For its part, the World Bank reported that: “About 464 million people in (Africa) are still living in extreme poverty in 2024. The region continues to grapple with high debt distress risks, with 53% of IDA-eligible countries in the region at high risk or already in debt distress…

“The high debt burden of African governments is leading to painful trade-offs. It is curtailing the fiscal space to invest in development priorities – such as human capital, energy, and transportation – and it is raising their vulnerability to shocks – particularly for countries with access to global capital markets and other non-concessional financing sources. As a result, the risk of external debt distress in Sub-Saharan Africa remains high…

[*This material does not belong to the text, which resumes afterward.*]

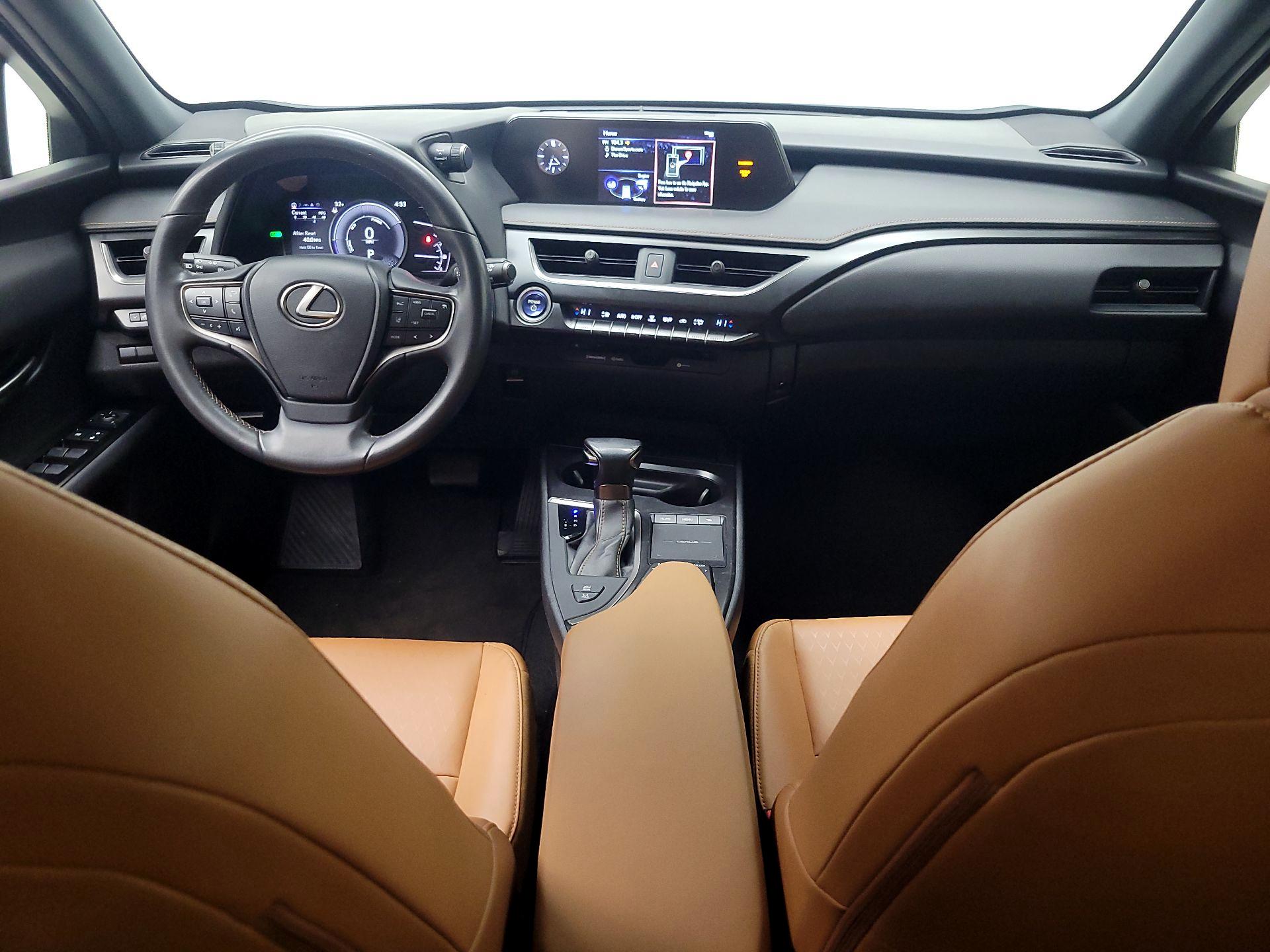 Thumbnail: 2021 Lexus UX - 9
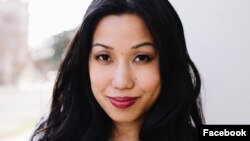 កញ្ញា Elizabeth Heng ដែល​ជាពលរដ្ឋអាមេរិកាំងដើមកំណើតខ្មែរ គឺជាសមាជិក​ម្នាក់​នៃ​គណបក្ស​សាធារណរដ្ឋ និង​ជា​ស្ថាបនិក​នៃគណៈកម្មាការ​ New Faces GOP របស់​គណបក្ស​ប្រជាធិបតេយ្យ។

“The region’s growth performance has been inadequate to reduce extreme poverty and boost prosperity.”

In a 2020 article entitled The UN at 75 years; Africa and the strained relationship,” Professor Mark Cogan writes, inter alia, that: “Since the start, UN peacekeeping in Africa has been a miserable failure (and mentions the 1994 Rwanda genocide specifically)…

“The United Nations admits that the goal of poverty eradication isn’t close to being met, and projections suggest that over 23% of Sub-Saharan Africa’s projected 2030 population of 1.7 billion will be living in extreme poverty. In other words, of the 500 million people that will be living in extreme poverty by 2030, 479 million will be from sub-Saharan Africa

“The new Sustainable Development Goals (SDGs), which contain 17 goals with 169 targets and 232 specific indicators, also put Africa on the back foot…(Related to development finance) already, 20% of all African countries do not raise enough in revenues for essential state functions, while in Sub-Saharan Africa that rate rises to 33%.”

The 2024 Africa Sustainable Development Report issued by the UN Economic Commission for Africa and others makes this disturbing but predictable finding: “For Africa, less than 6 percent of the 32 measurable SDG targets are on track to be achieved by 2030.”

Obviously, there are more of such statistics about the challenges Africa faces we can cite. However, I believe that this is not necessary.

To close this part of my comments, I would like to quote a very interesting observation, which was made in January 2023 by Max Ajl, a post-doctoral fellow at the University of Ghent.

He made this observation in an article written in the light of the proposal made by the then chair of the G77+China, Miguel Díaz-Canel, president of the Republic of Cuba, for the resuscitation of the project for the New International Economic Order.

The Max Ajl article is entitled “The NIEO in a State of Permanent Insurrection” and it states that: “In the 1970s, the countries of the South mounted a collective assault on the world economic order. They proposed, instead, a New International Economic Order (NIEO) to challenge the neocolonial system. Such a project painted the future sky with dazzling plans for prosperity, a bright variety of socialist and radical-nationalist projects to change the world…

“The strengths of this project were numerous… (However) Western states were eager to draw the South into fruitless convenings shorn of serious commitments…

“If the front was not radical enough to win, it was too radical for the imperialist powers. If national capitalisms in the periphery were not possible because of the nature of accumulation on a world scale, which demanded subordination, labour reserves, and value transfer, and relied on peripheral disarticulation for markets and commodities, it was far too radical from the perspective of northern monopoly capital. Why, after all, would northern monopoly capital accept changing terms of trade which were to its advantage? Why would it allow for draining labour reservoirs which depressed peripheral wages and were central to the systemic stability of capitalism? Why would it allow peripheral sovereign industrialization when there were so many gains to be secured from disarticulated industrialization, subcontracting, and other modes of turning southern industrialization into labour arbitrage?…”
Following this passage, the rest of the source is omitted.